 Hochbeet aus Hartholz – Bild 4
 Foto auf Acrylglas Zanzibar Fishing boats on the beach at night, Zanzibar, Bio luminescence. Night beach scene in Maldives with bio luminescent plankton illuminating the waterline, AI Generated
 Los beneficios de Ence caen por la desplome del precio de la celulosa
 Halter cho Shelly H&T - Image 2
-.-.-
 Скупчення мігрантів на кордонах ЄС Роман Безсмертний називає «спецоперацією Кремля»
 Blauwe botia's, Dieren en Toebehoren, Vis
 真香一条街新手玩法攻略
-.-.-
▶ _TASK GOAL_: In the data above, which lines lie between the line with "Los beneficios de" and the line with "Halter cho Shelly H&T - Image 2", inclusive? Print those lines exactly and nothing else.

▶ _EXPECTED ANSWER_:
 Los beneficios de Ence caen por la desplome del precio de la celulosa
 Halter cho Shelly H&T - Image 2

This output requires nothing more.